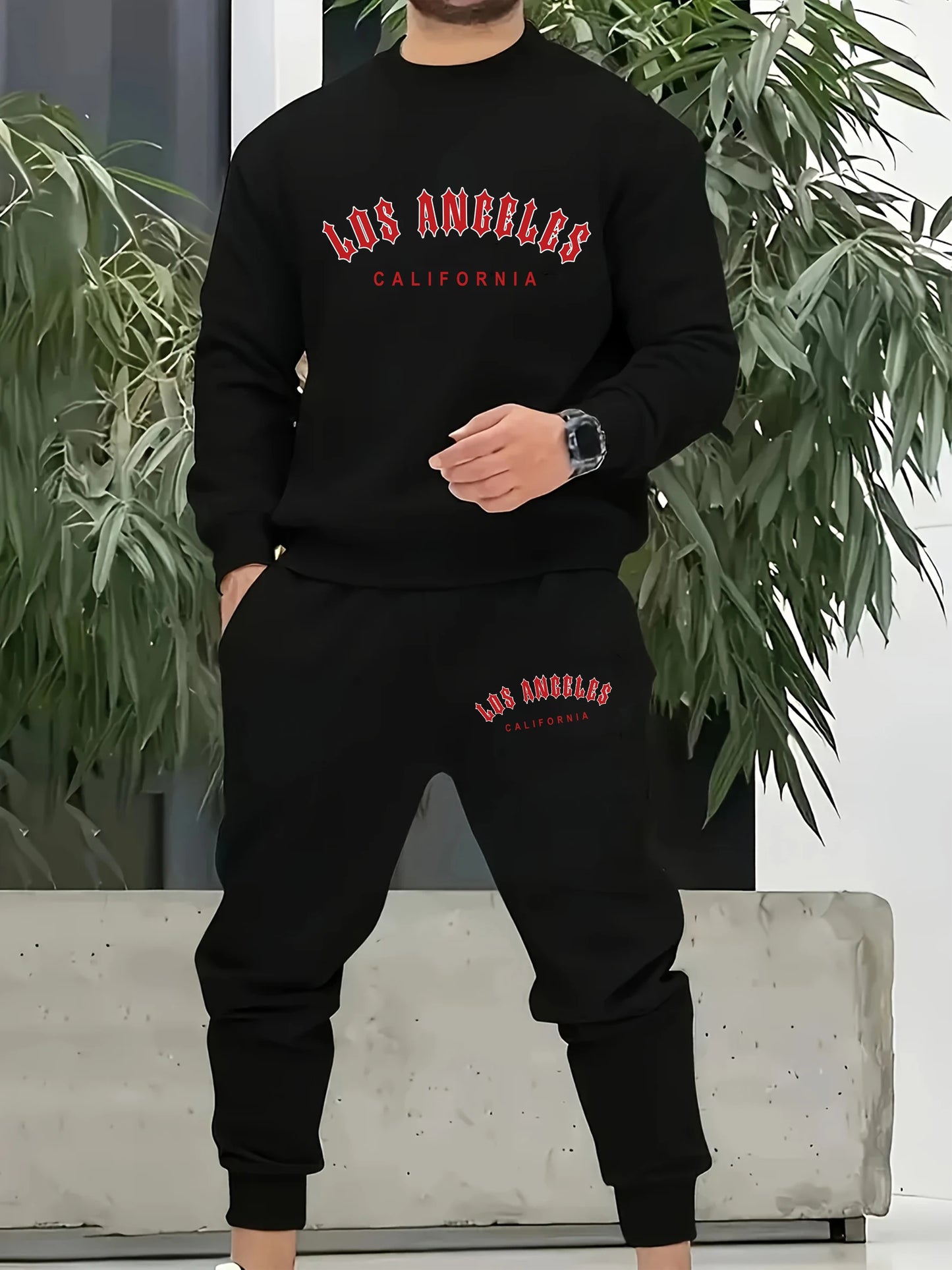 Los Angeles California Red Artword Tracksuit Man Fashion Simple Pants All-Match Casual Sportset Fleece Loose Basics Clothing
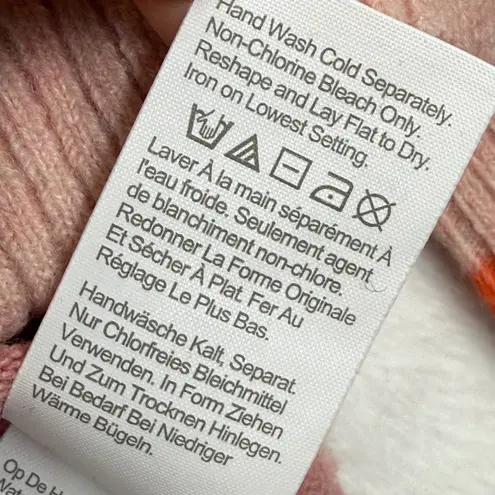 J.CREW Womens Striped Pink Alpaca Wool Blend Turtleneck Sweater Size S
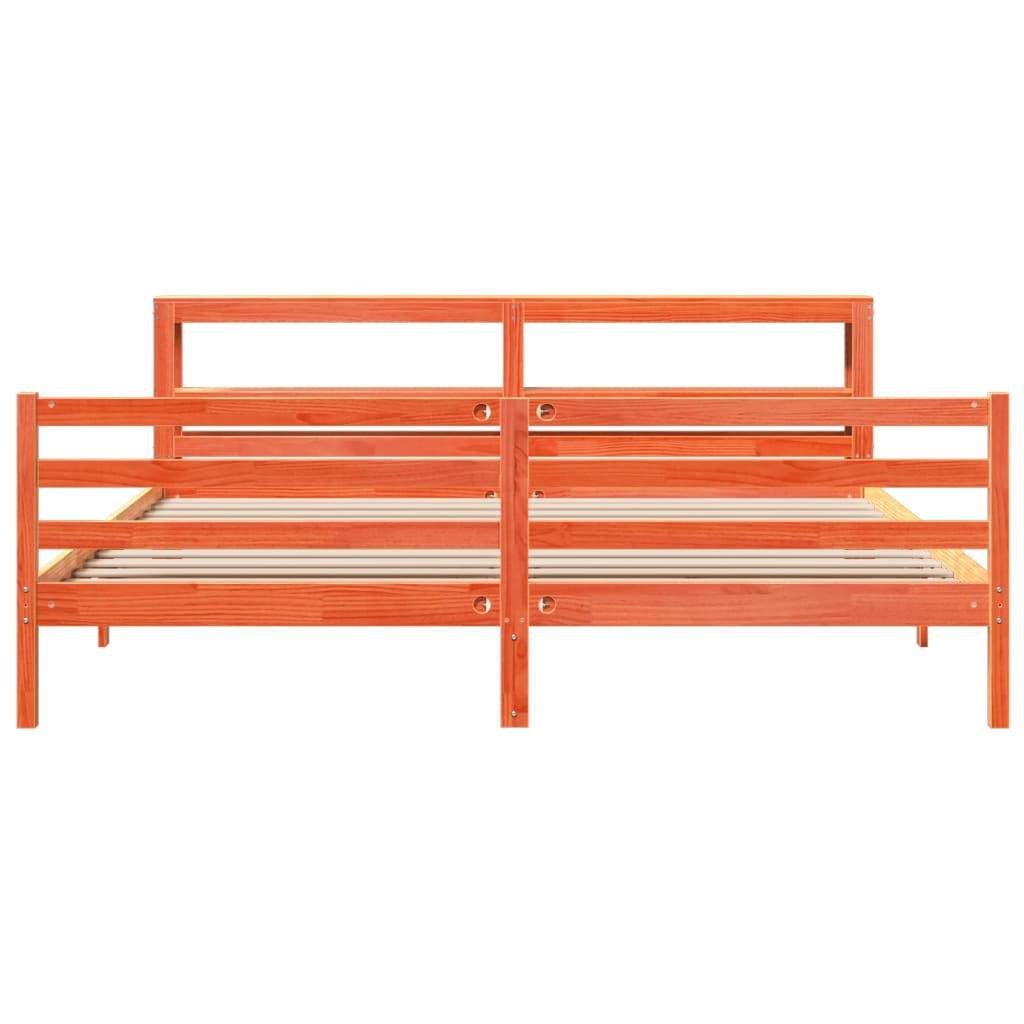 Cadre de lit sans matelas cire marron 200x200cm bois pin massif - XIOS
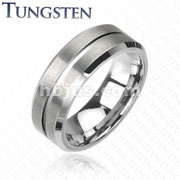 Tungsten Carbide Ring with  Matte Finish and Shiny center Line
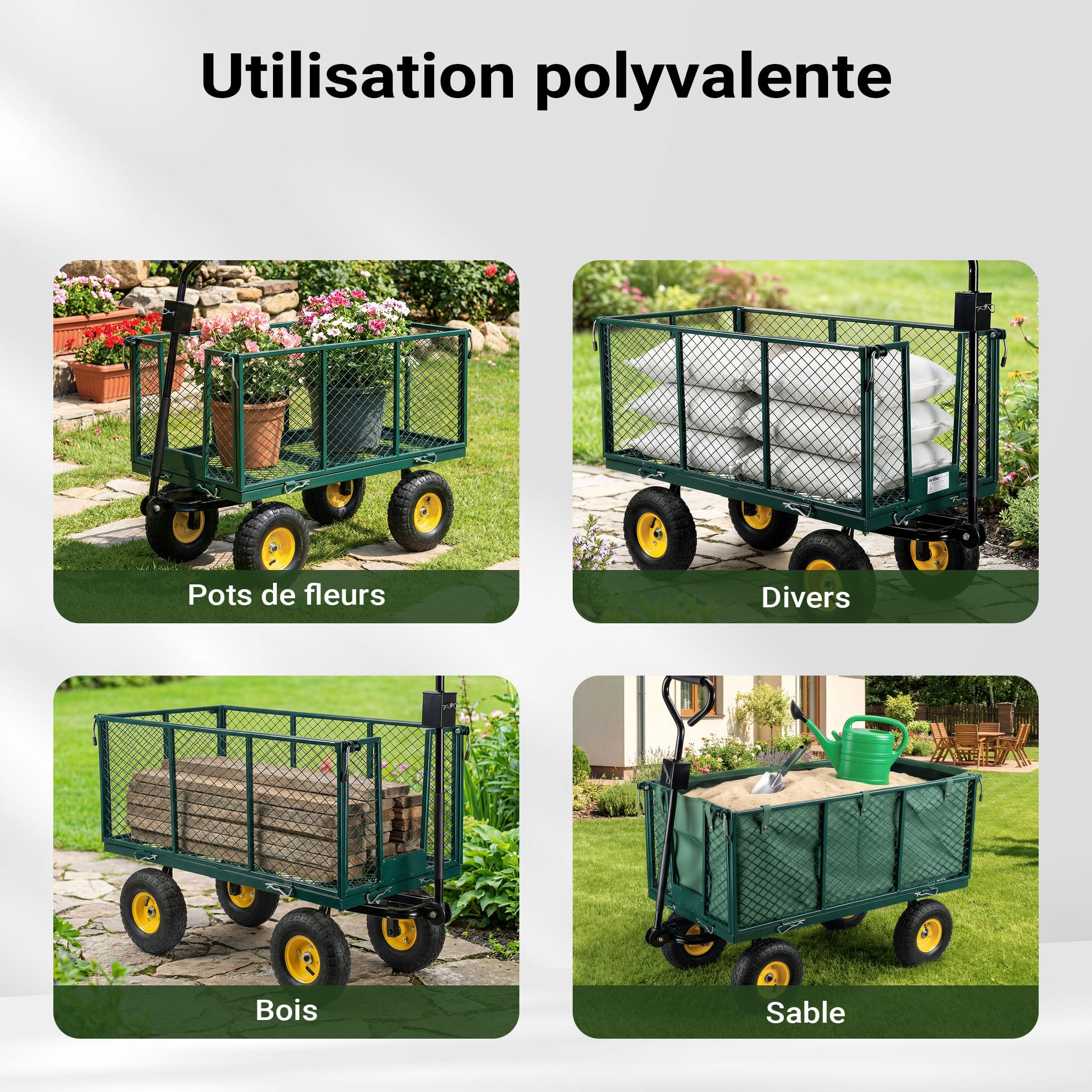 Wiltec Chariot Transport XXL Pliable – 1140 x 520 x 1050 mm – capacité 550 kg – avec Bâche Amovible, Pneus Robustes et Grille de Rangement – Diable Jardin Jardinage Outils Outillage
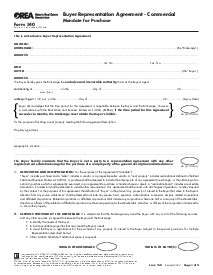 OREA Form 540, Buyer Representation Agreement, Commercial - Thumbnail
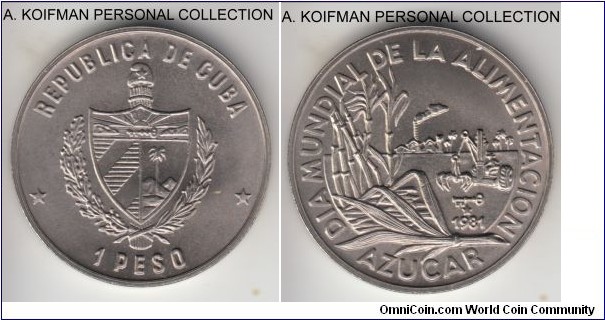 KM-59, 1981 Cuba peso; copper-nickel, plain edge; FAO commemorative - Sugar, matte looking good uncirculated specimen, mintage 10,000.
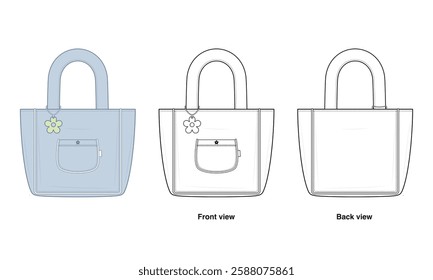 Kawaii Structured Tote Bag Technical Fashion Illustration. Handbag Vector Template. Front and Back View. Padded Rounded Handles. Front Patch Pocket. Women’s Fashion Accessory. CAD Mockup set.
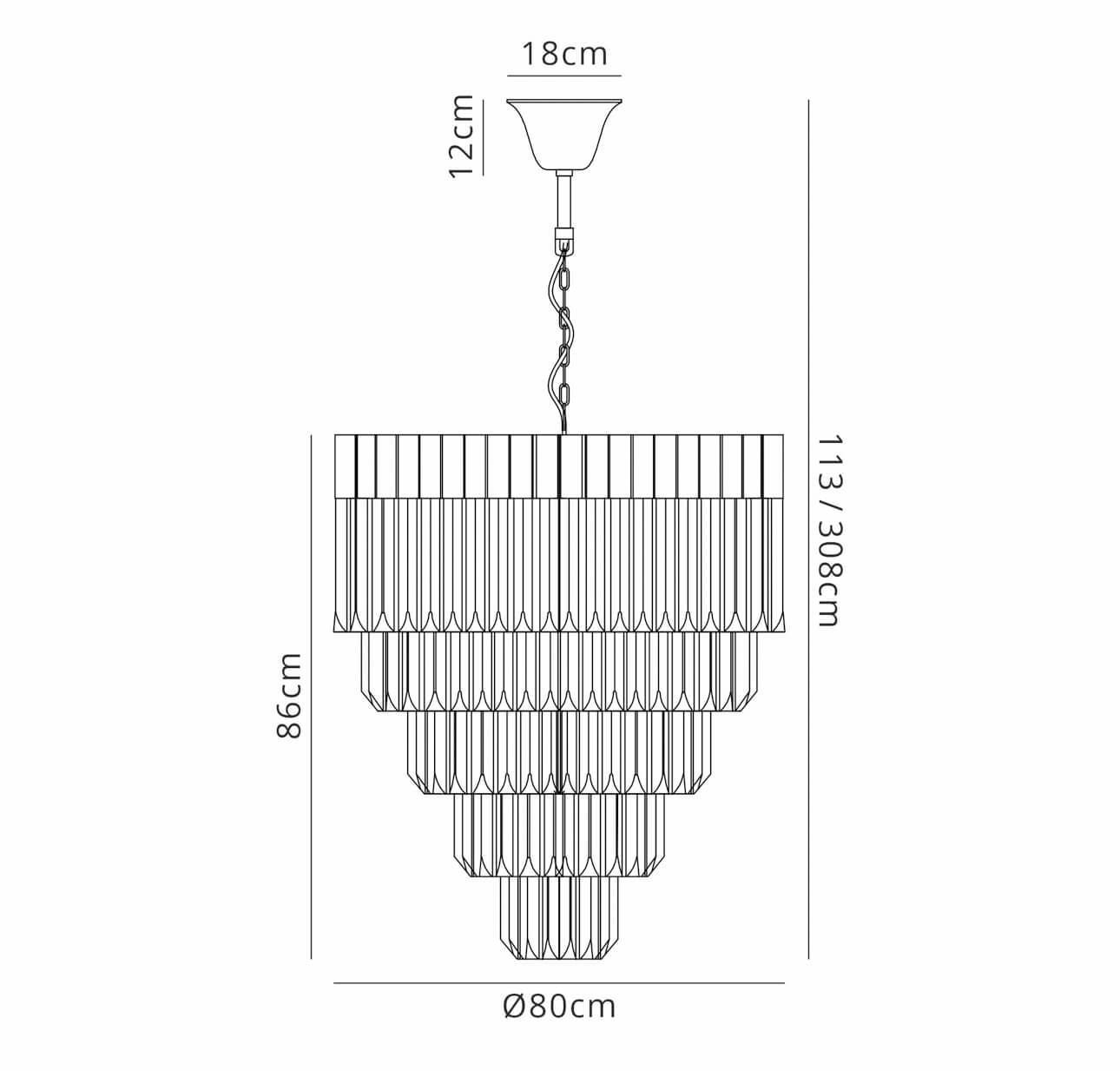 Chelsea Sculpted Glass Nickel Smoke Drop Chandelier
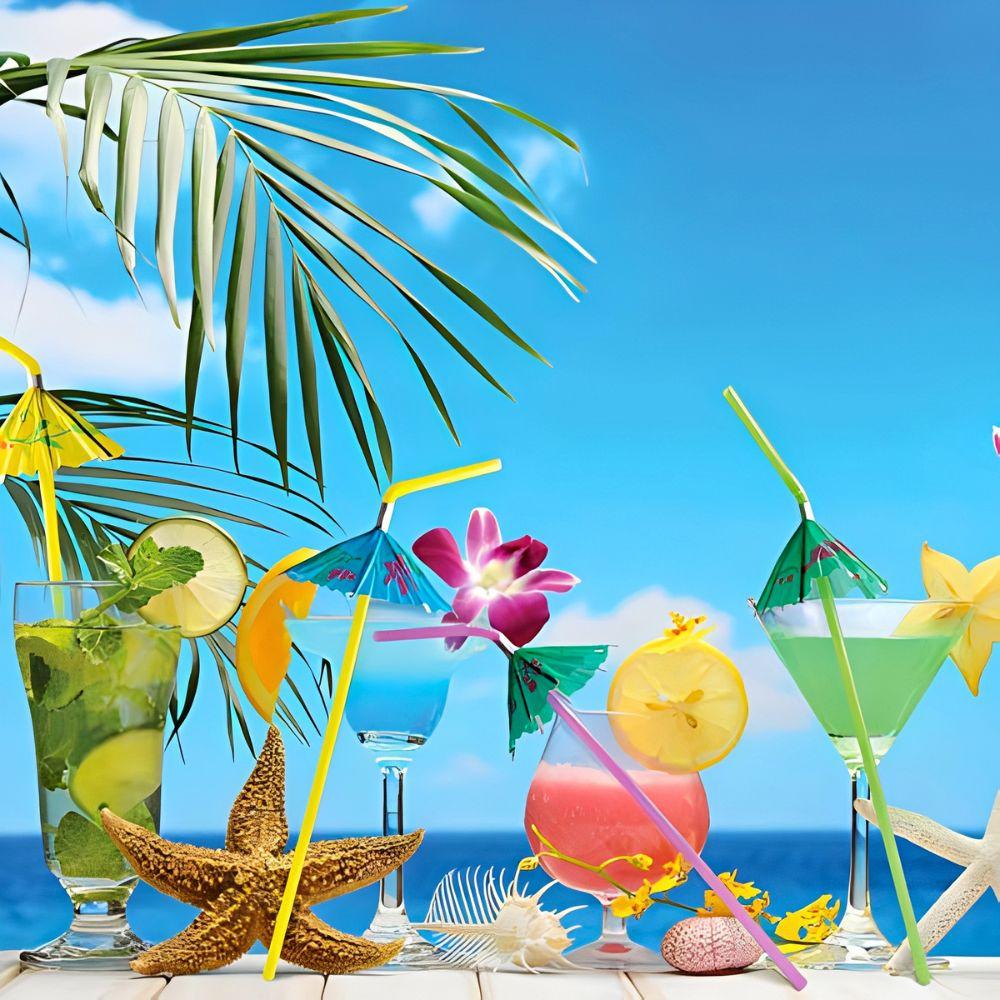 3060120Pcs Random Umbrella Straws For Tiki Drinks Cocktails Mocktails Beach Parties Barbecues Birthday Decorations Ymy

**Work order**
Set down exactly the lines above, from the line containing "J.CREW Womens Striped" through the line containing "Tungsten Carbide Ring". Skip the pictures.

**Answer space**
 J.CREW Womens Striped Pink Alpaca Wool Blend Turtleneck Sweater Size S
 Cadre de lit sans matelas cire marron 200x200cm bois pin massif - XIOS
 Tungsten Carbide Ring with  Matte Finish and Shiny center Line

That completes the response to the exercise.